Une semaine après le terrible tremblement de terre qui a fait près de 3 000 morts, le Maroc doit se reconstruire. Quelque 300 000 sinistrés sont en attente de relogement, selon l'Unicef.
Article rédigé par Sandrine Etoa-Andegue
Radio France
Publié Mis à jour
Temps de lecture : 5min
Une enfant marocaine au pied de la tente qui lui sert de toit depuis le séisme, dans le village de Tafeghaghte, au sud-ouest de la capitale Marrakesh. (FADEL SENNA / AFP)

La question du relogement se pose désormais au Maroc, une semaine après le terrible tremblement de terre qui a fait 2 946 morts et 5 674 blessés, selon le dernier bilan officiel.

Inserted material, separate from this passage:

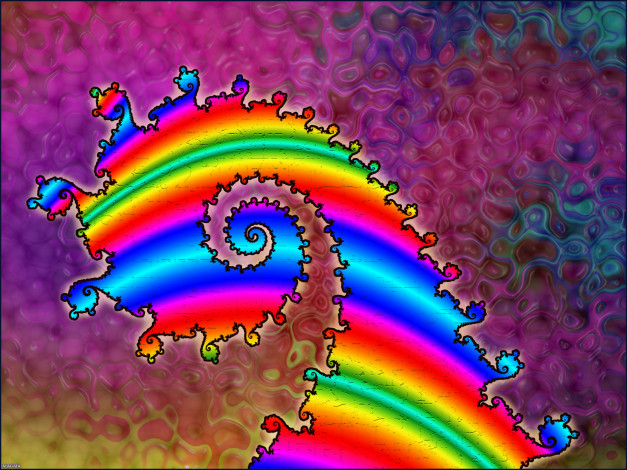Обои картинки фото 3д, графика, fractal, фракталы, фон, узор, цвета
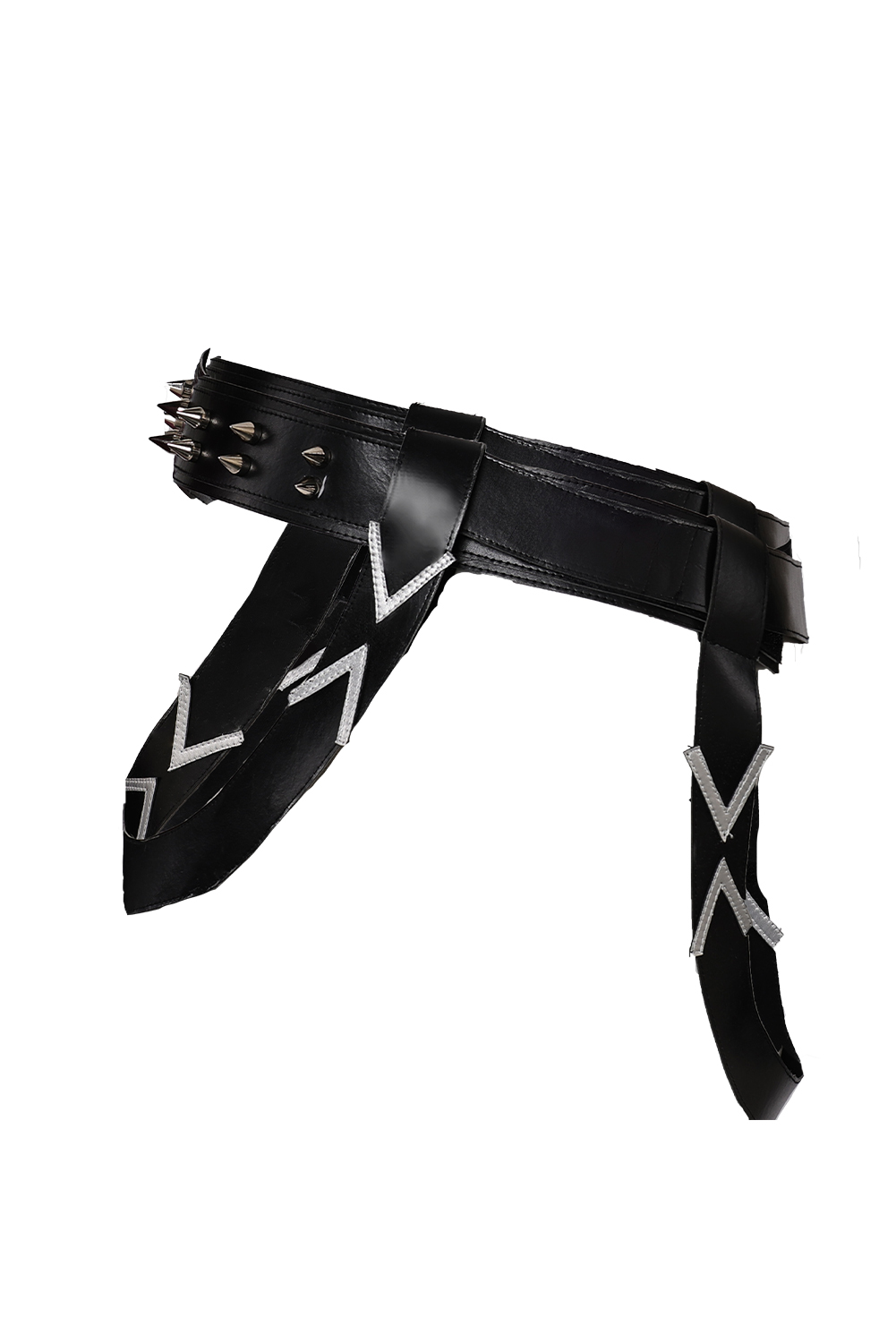 TV Arcane: League of Legends Season 2 (2024) Jinx Cosplay Leather Belt Gloves Set Halloween Carnival Accessories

L'Unicef dénombre 300 000 Marocains sans-abri, dont 100 000 enfants. Un grand chantier de reconstruction se prépare dans le pays, notamment à Marrakech et dans la région d'Al Haouz, l'épicentre du séisme.

Un chiffre permet de mesurer l'ampleur des dégâts : 50 000 bâtiments ont été complètement ou partiellement détruits par ce puissant séisme selon le cabinet royal. Certains tiennent à peine debout. Parmi ces bâtiments, 500 écoles sont à reconstruire. 

Sécuriser les bâtiments endommagés

Dans ces quartiers endommagés, les jeux des enfants se mêlent aux grondements des pelleteuses. Des cernes comme des soucoupes sous les yeux, Taoufik s'est posé quelques minutes sur l'une des chenilles de son engin. La semaine de cet ouvrier originaire du nord du pays a été particulièrement éprouvante : "Je suis très fatigué. Pendant cinq jours, j'ai aidé à déterrer des cadavres, des enfants parfois. Ça fait tellement de peine. J'ai aussi fait en sorte que des familles puissent rentrer dans leur maison pour récupérer des papiers ou des biens précieux. Je ressens à la fois une grande détresse et une grande fierté."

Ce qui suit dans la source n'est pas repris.